I am trying to create an ItoProcess from the following system of SDEs:
$\begin{bmatrix} \mathrm d x\\\mathrm d y\end{bmatrix} = \begin{bmatrix} 0 & 1\\ 0 & \theta\end{bmatrix} \begin{bmatrix} x\\ y\end{bmatrix} + \begin{bmatrix} \mathrm 0 \\\sigma\end{bmatrix}\mathrm d W(t)$
Looking at the documentation, I do not see how I could accomplish that. Is it possible to do in Mathematica? If so, how?

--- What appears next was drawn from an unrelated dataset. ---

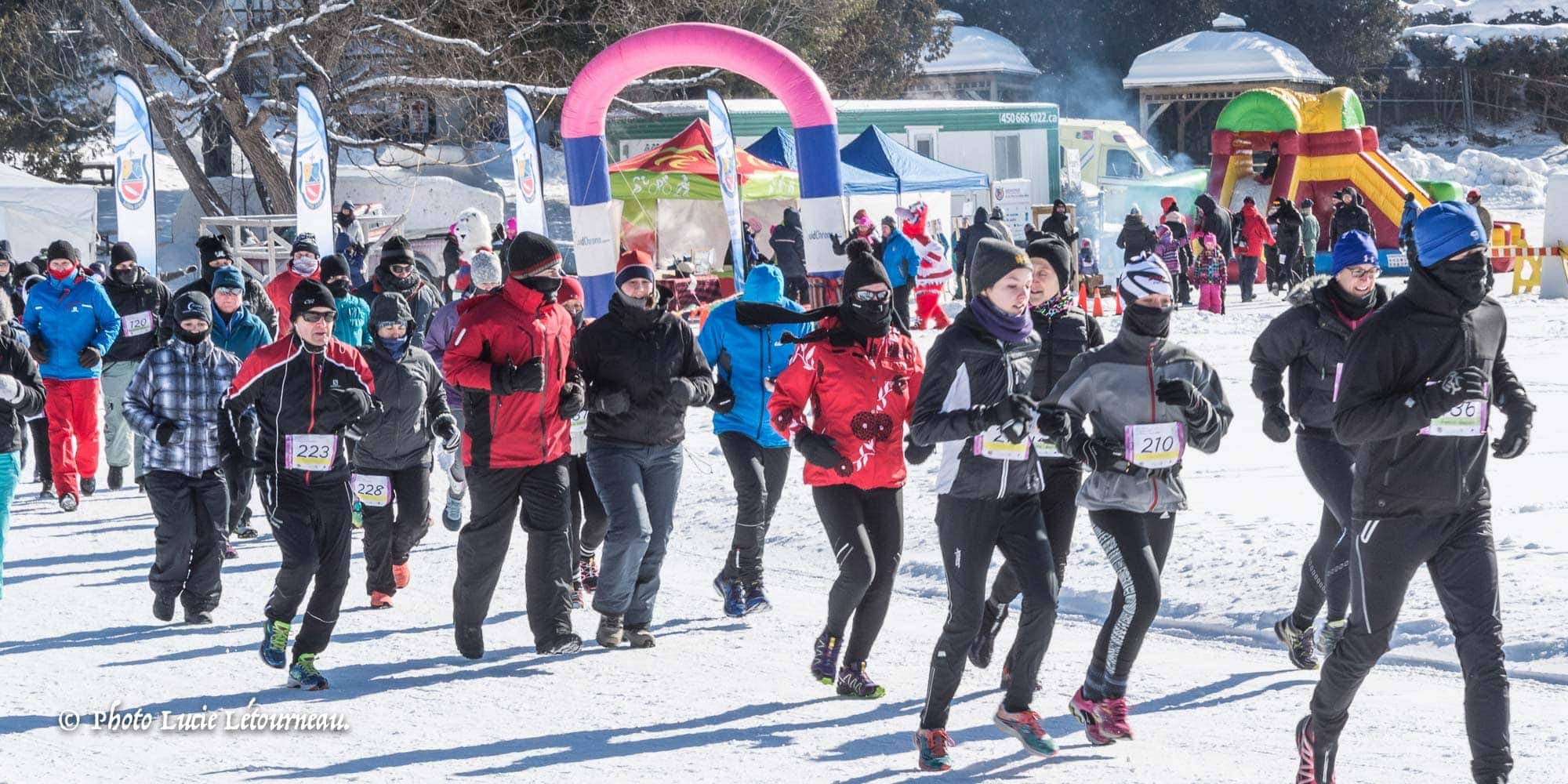 Le froid n'a pas empêché ces braves coureurs de prendre part à la première édition de la Course des Flocons sur le lac Rond à Sainte-Adèle, le 14 février 2016.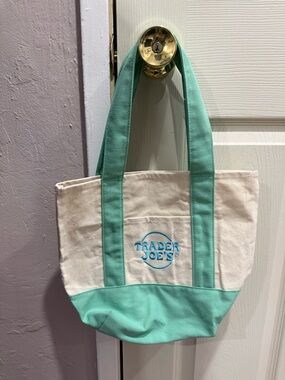 Canvas Tote Bag in Seafoam and Cream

If I understand your question :
proc = ItoProcess[
{\[DifferentialD]x[t] == y[t] \[DifferentialD]t,
\[DifferentialD]y[t] == θ y[t] \[DifferentialD]t + σ \[DifferentialD]w[t]},
{x[t], y[t]}, {{x, y}, {x0, y0}}, {t, 0}, w \[Distributed] WienerProcess[]];
Which you can use as :
Mean[proc[t]]
(* {((-1 + E^(t θ)) y0 + x0 θ)/θ, E^(t θ) y0} *)
Variance[proc[t]]
(* {((3 - 4 E^(t θ) + E^(2 t θ) +
2 t θ) σ^2)/(2 θ^3), ((-1 + E^(2 t θ)) σ^2)/(2 θ)} *)